Why such a high decline rate ? Were they all McDonald's, $3-4 dollar offers, 20 minute pickups, or what ?


----------



## NOXDriver (Aug 12, 2018)

ANT 7 said:


> Do tell more ?
> 
> Why such a high decline rate ? Were they all McDonald's, $3-4 dollar offers, 20 minute pickups, or what ?


Whomever accepts anything less than $8 and more than 3-5 miles is losing money. Even at $8/ 20 min thats $24 an hour. Easy money when half the time is sitting in the drive through.

But know your market. That is the only way to survive. One night my accpetance rate was less than 30%, still made $100.


----------



## FormerTaxiDriver♧ (Apr 5, 2018)

My acceptance rate got down to 13%, today. I declined many many calls; maybe 25 in all. I was not just gonna get pissed off and quit today. It seems that doordash is not picking up the tab right now on non tippers. Doordash has been generous the past 4 or 5 weeks, but it changed right after Mother's Day.


----------



## Woohaa (Jan 15, 2017)

With these low paying orders Doordash is about to tell its drivers


----------



## uberboy1212 (Jan 10, 2017)

FormerTaxiDriver♧ said:


> My acceptance rate got down to 13%, today. I declined many many calls; maybe 25 in all. I was not just gonna get pissed off and quit today. It seems that doordash is not picking up the tab right now on non tippers. Doordash has been generous the past 4 or 5 weeks, but it changed right after Mother's Day.

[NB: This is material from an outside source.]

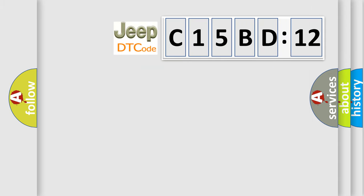So, what does the diagnostic trouble code C15BD12 interpret specifically for Jeep car manufacturers?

Yea more lowball offers than usual lately. Its ok though, I can play this BS game as long as they want. There's plenty of other options out there


----------



## KevinJohnson (Mar 23, 2020)

Does your acceptance rate effect anything?


----------



## uberboy1212 (Jan 10, 2017)

KevinJohnson said:


> Does your acceptance rate effect anything?

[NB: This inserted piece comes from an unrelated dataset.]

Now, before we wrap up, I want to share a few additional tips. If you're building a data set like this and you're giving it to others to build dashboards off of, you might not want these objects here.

You can dash anytime without scheduling at 60%+ but that's it. Not worth it though, I have a hard time staying above 30%


----------



## Teksaz (Mar 16, 2015)

No, acceptance rating is just an indicator of how much garbage DD is sending you lol


----------



## FormerTaxiDriver♧ (Apr 5, 2018)

KevinJohnson said:


> Does your acceptance rate effect anything?


High acceptance rate means you will be burning alot of gasoline, unless you drive a prius. Maybe earn 5 bucks an hour if the restruants don't hold you up! But then your customer rating will drop.

HIgh AR means low CR


----------